> _THE RECORDS_:
[Start of section]
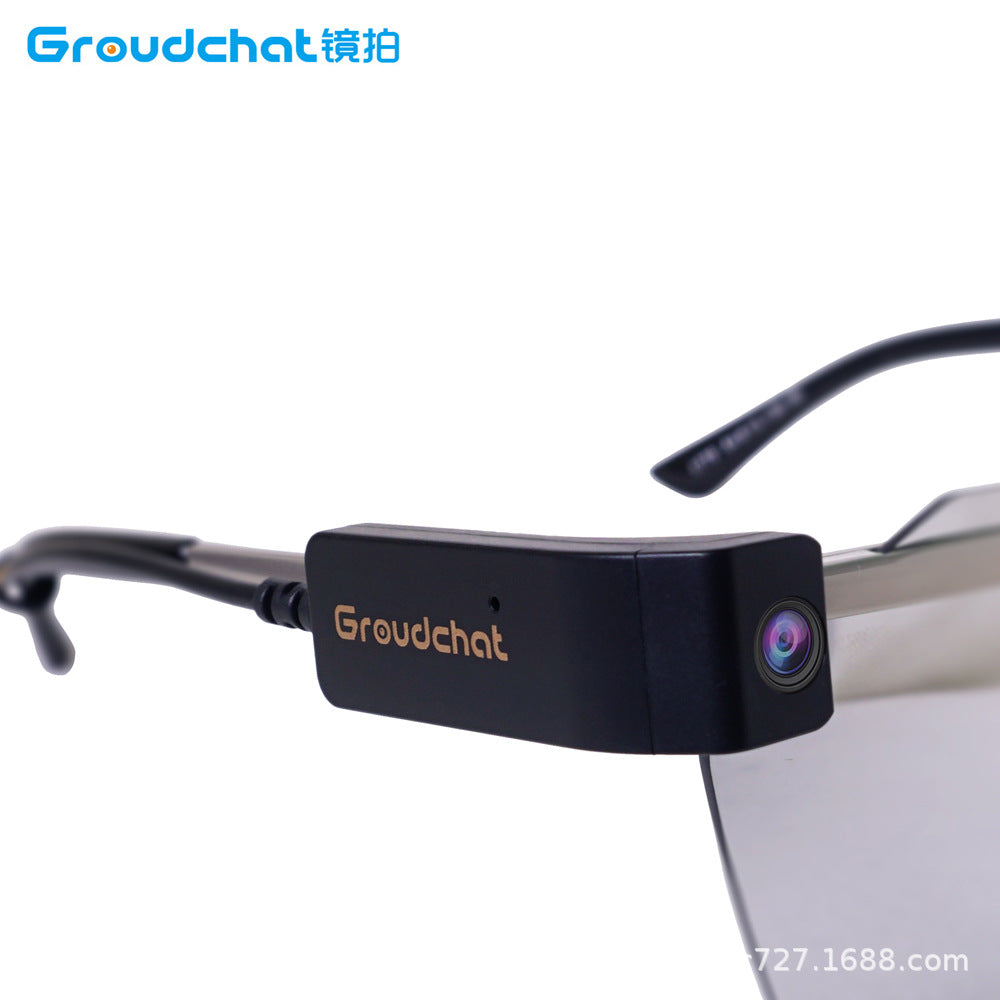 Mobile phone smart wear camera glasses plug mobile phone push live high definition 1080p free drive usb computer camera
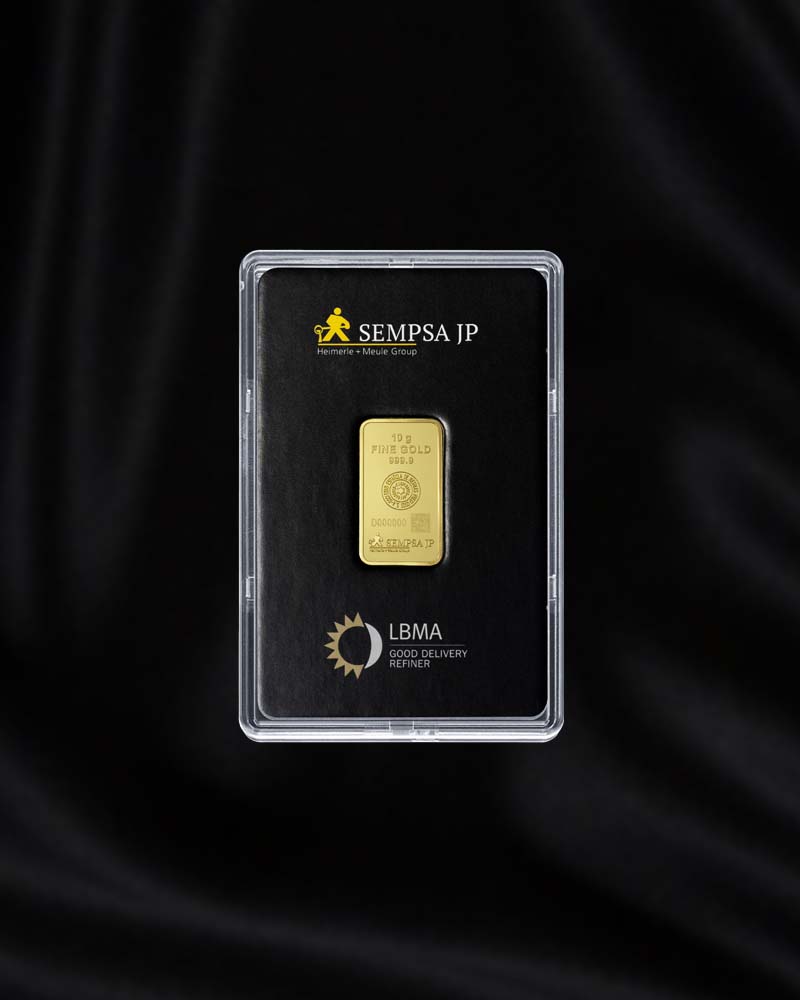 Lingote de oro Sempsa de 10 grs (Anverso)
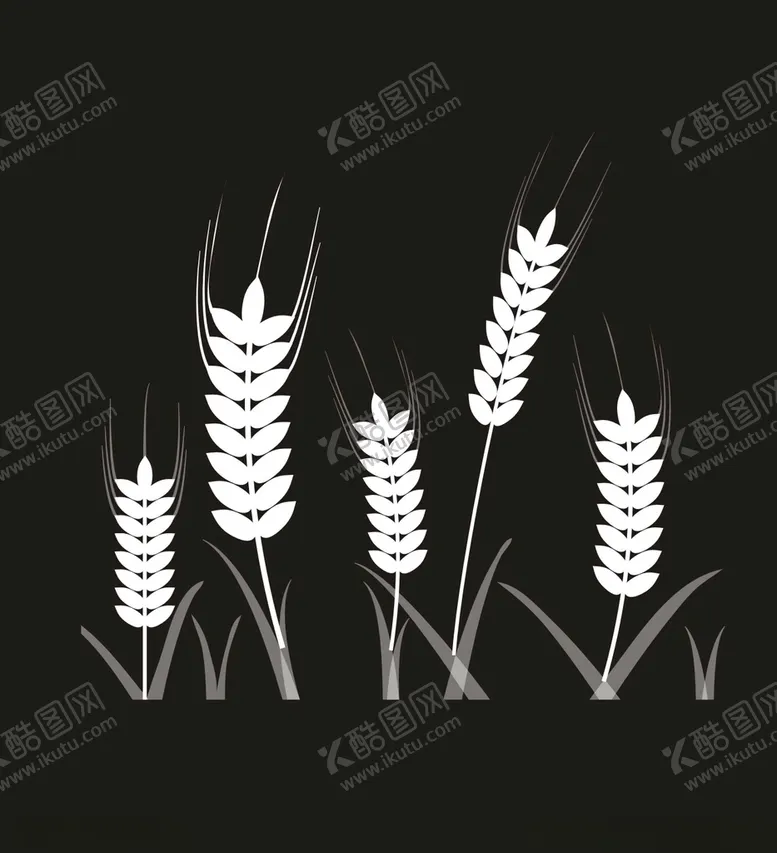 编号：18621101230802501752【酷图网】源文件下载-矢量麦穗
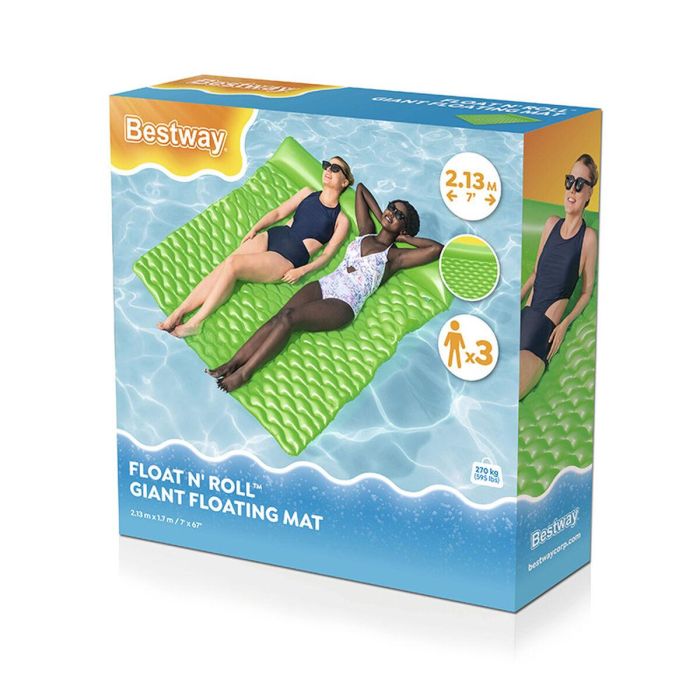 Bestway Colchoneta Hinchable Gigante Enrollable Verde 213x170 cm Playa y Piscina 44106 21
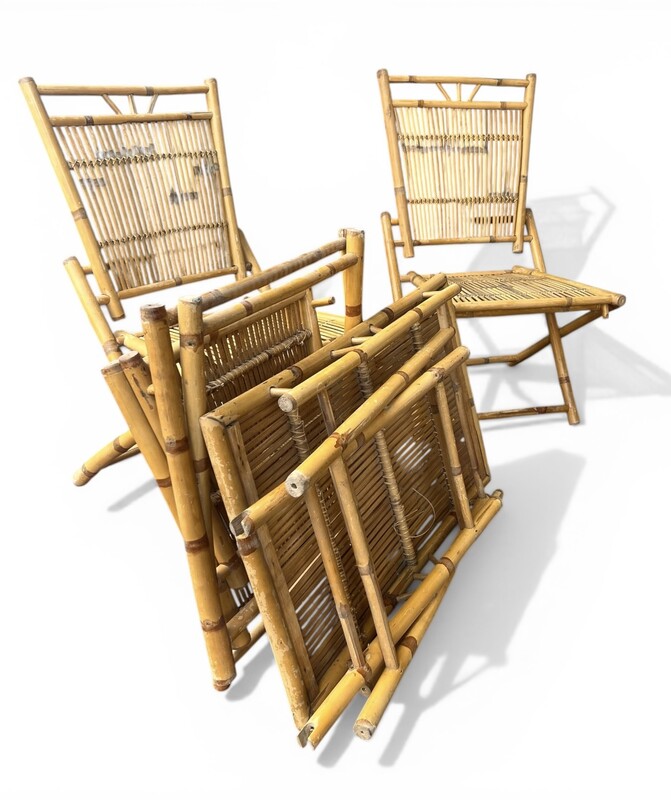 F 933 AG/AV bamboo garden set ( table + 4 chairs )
[End of section]
> _THE PROBLEM_: Strip out the pictures and reproduce the remaining material above exactly.

> _YOUR RESPONSE_:
 Mobile phone smart wear camera glasses plug mobile phone push live high definition 1080p free drive usb computer camera
 Lingote de oro Sempsa de 10 grs (Anverso)
 编号：18621101230802501752【酷图网】源文件下载-矢量麦穗
 Bestway Colchoneta Hinchable Gigante Enrollable Verde 213x170 cm Playa y Piscina 44106 21
 F 933 AG/AV bamboo garden set ( table + 4 chairs )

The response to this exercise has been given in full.